Grève SNCF : comment expliquer la faible mobilisation du jeudi 17 septembre ? 

Grève SNCF : comment expliquer la faible mobilisation du jeudi 17 septembre ?  GREVE SNCF - Le dernier appel à la grève de la CGT-Cheminots s'est terminé vendredi 18 septembre 2020 à 7h55. Les rares perturbations de trafic ne concernaient que les Intercités, TER, RER et Transilien gérés par la SNCF.

[Mis à jour le 18 septembre 2020 à 11h52] Les syndicats CGT, FSU, Solidaires et les organisations de jeunesse FIDL, MNL, UNL et étudiante Unef ont appelé à une journée de grève et de manifestations un peu partout en France jeudi 17 septembre 2020, condamnant la politique sociale du gouvernement et contestant le "chantage à l'emploi, l'allongement du temps de travail et la baisse des salaires". 

Mais les perturbations de trafic étaient faibles dans les transports assurés par la SNCF : seul le le trafic des trains régionaux (TER, Intercités) et du quotidien en Île-de-France (RER et Transilien) était perturbé. Malgré l'appel à la grève rejoint par la CGT-RATP, la grève à la RATP faisait état de son côté d'un trafic normal. 
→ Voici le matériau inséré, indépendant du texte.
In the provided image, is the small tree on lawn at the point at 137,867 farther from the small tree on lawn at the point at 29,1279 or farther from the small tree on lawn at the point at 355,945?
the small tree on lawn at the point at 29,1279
Le secrétaire général de la CGT-Cheminots Laurent Brun avait confessé en amont aux journalistes : "Je n'imagine pas qu'on sera débordés par les masses descendant dans les rues. Pour les cheminots, c'est une triple reprise : la reprise six mois après une grève reconductible dure - ce n'est quand même pas évident de refaire une journée de grève après une telle implication, - une reprise après les vacances et une reprise après le confinement."
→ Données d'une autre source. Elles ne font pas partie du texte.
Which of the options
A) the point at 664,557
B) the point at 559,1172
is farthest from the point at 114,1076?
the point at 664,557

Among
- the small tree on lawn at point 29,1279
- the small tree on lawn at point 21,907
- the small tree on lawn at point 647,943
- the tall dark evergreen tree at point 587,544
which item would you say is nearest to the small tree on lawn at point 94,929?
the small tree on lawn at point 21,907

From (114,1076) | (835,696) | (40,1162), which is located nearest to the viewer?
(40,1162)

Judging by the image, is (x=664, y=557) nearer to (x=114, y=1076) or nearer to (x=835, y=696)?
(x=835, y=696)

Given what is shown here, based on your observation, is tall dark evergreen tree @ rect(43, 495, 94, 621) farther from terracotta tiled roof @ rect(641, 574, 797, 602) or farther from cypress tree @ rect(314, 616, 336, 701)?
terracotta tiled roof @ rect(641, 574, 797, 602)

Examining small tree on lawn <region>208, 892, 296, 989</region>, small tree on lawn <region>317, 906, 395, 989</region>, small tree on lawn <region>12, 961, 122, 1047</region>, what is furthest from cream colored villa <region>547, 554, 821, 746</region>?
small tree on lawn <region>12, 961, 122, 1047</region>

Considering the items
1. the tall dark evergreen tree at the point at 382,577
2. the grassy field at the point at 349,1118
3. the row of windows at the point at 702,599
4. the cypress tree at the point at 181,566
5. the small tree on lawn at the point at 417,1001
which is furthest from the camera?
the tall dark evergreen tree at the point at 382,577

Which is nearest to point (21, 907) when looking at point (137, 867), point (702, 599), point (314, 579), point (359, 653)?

Pour l'exécutif, le motif et la période choisis pour faire la grève apparaissaient illisibles. Interrogé sur Europe 1, le ministre délégué aux Transports Jean-Baptiste Djebbari est paru bien circonspect quant à cette grève alors que le gouvernement a annoncé un soutien financier de 5 milliards d'euros à la SNCF dans le cadre de son plan de relance. Une semaine avant, lors de l'appel de la CGT, il avait dénoncé une "grève par habitude" à la SNCF.